Even though he suffered a torn ACL injury in 2013 and is expected to miss 6-8 weeks with a hand injury to start this season, he has accomplished enough that he will be highly sought after in the coming months. Rondo has a career average of 11.1 points, 8.4 assists, 4.6 rebounds and 1.9 steals. He led the league in assists twice and steals once.

The Celtics are quickly approaching a crossroads: Play out the season in hopes of inking Rondo to another deal, or trade him before the deadline to acquire valuable pieces for the future. The team has already expressed interest in bringing him back, but it’s not that simple.

“We tried to sign Rajon a couple times, but it doesn’t make sense for Rajon to sign,” said Ainge. “If you know the Collective Bargaining Agreement, it makes no financial sense for him to re-sign. It was something we’d like to do, but under the current negotiations it’s very unrealistic to even be able to do that.”

Rondo is realistic about the Celtics. The days of the “New Big Three” are now distant memories and the team is years removed from being dominant title contenders. Yet, the ultra-competitive point guard is seeing a silver lining to the Celtics’ new phase. He expressed his trust in Ainge, noting how he transformed a 24-win team to a winner in a matter of months.

“I’m pretty smart,” Rondo said. “I know this isn’t a championship team, but we’re going to out there every night and fight hard. I think if we continue to do the little things and believe in each other and believe in Brad Stevens, we’ll surprise a lot of people.”

The Celtics don’t have the enticement of immediate contention to lure Rondo should he hit free agency, but he has his own personal affinity for playing in Boston.

“The fans, the people here make me want to stay,” Rondo said. “The organization has been great. I can’t say enough about Danny and (co-owner) Wyc (Grousbeck). But when I walk down the street, the fans are embracing from day one. Even when we won a championship, people don’t just appreciate us winning. It’s more of a ‘thank you,’ it’s a love for the game. These people here know the game. You can’t fool them. They know when you’re BS-ing them around and you’re not playing as hard as you can. The love I get is kind of overwhelming here in Boston. Why wouldn’t I want to stay here?”

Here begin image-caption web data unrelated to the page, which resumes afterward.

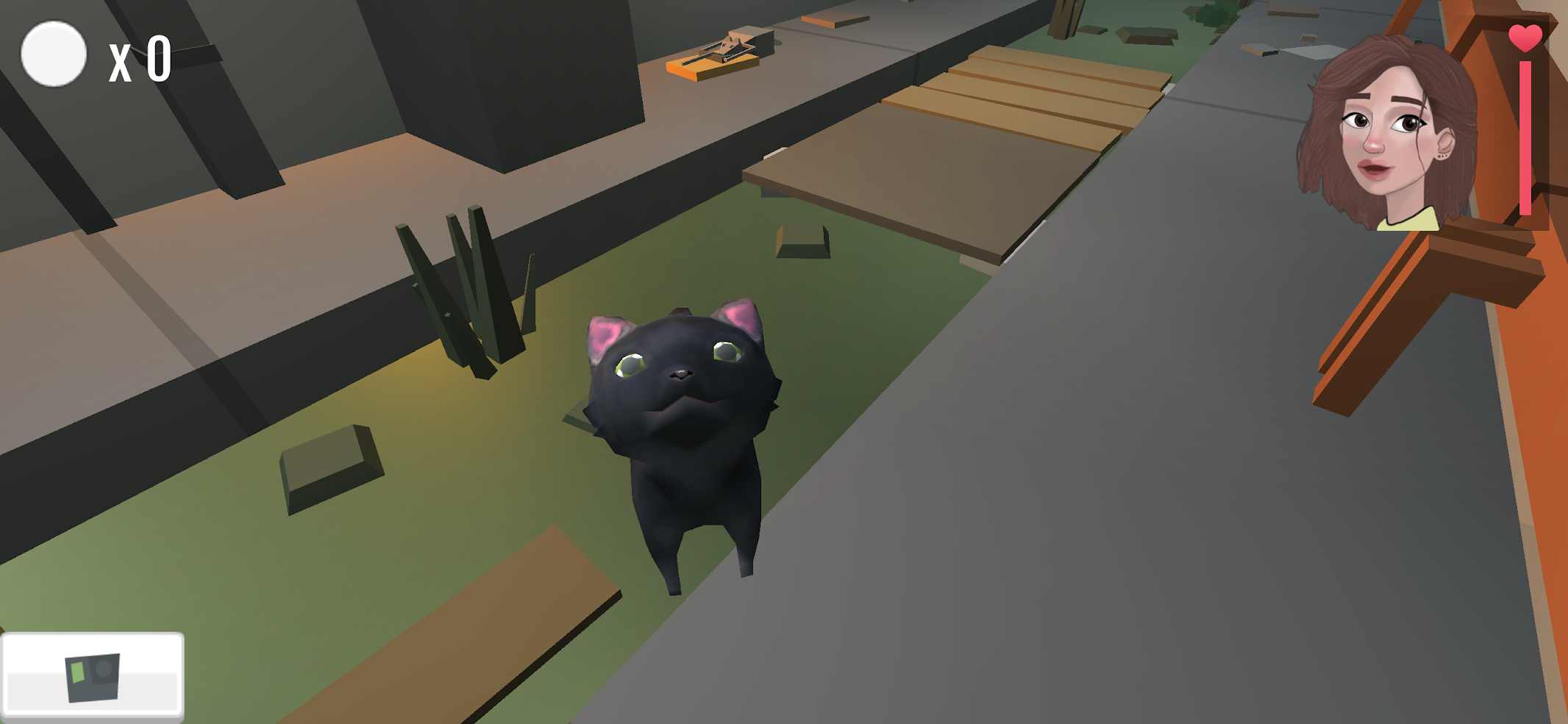 月光隧道 月光隧道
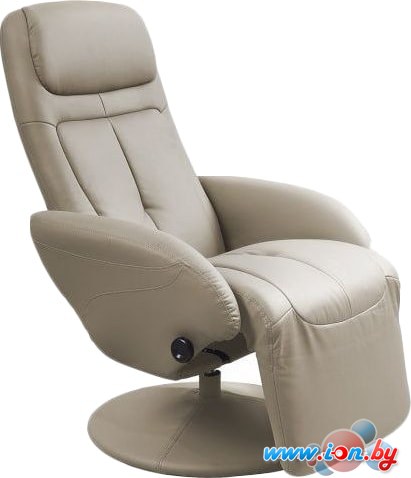 Кресло Halmar раскладное Optima V-CH-OPTIMA-FOT-CAPPUCCINO (капуччино) в Гомеле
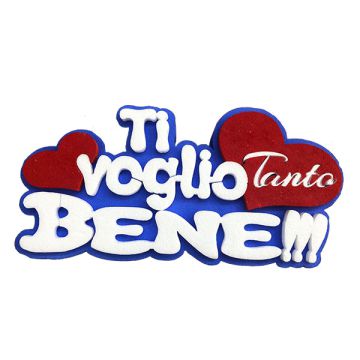 Io E Te Una Cosa Sola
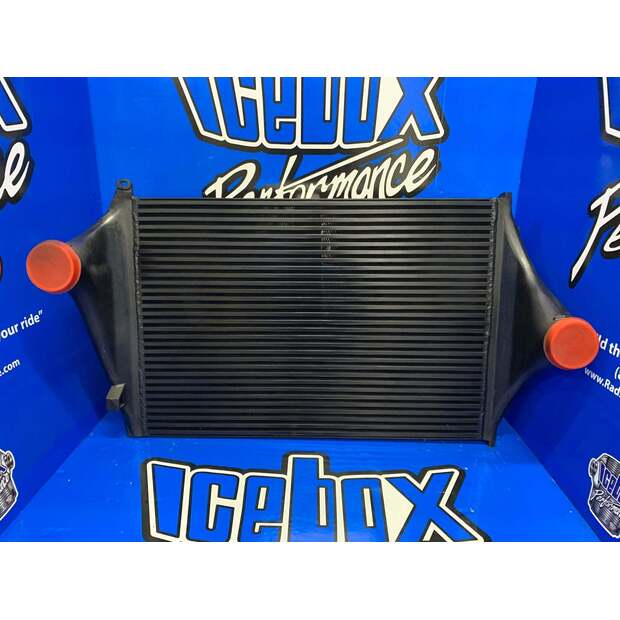 Charge Air Cooler Freightliner Used-43336943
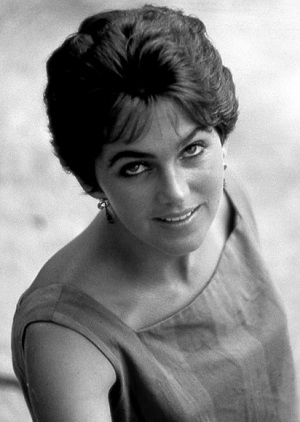 Lucia Berlin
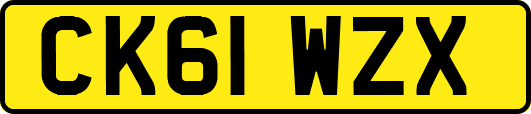 CK61WZX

The decision isn’t just if Rondo wants to stay in Boston; the Celtics will have to decide if they want to keep him there. There is no question Rondo is one of the best at his position, but if the team finds they are able to carry the load with less costly players there may not be as much urgency to offer Rondo his desired contract. The development of rookie Marcus Smart, who should receive increased minutes during Rondo’s injury, could factor into that assessment.

The Celtics will, as they should, explore offers from suitors in the coming months. Ainge is not hesitant to make major moves during the season (think back to the Kendrick Perkins trade in 2011) or trade faces of the franchise (Paul Pierce and Kevin Garnett last summer). If the Celtics believe Rondo may not re-sign, the focus would shift from how to retain him to how to receive the maximum in return.

Both sides understand the nature of the business. But unless a move is made, they are putting trade talks out of mind to focus on winning this season.

“I’m fine with the rumors,” said Rondo. “They’ve been something my entire career. Maybe something I negotiate (is a) no-trade clause or something like that to keep my name out the trade rumors. But it’s just part of it. No big deal.”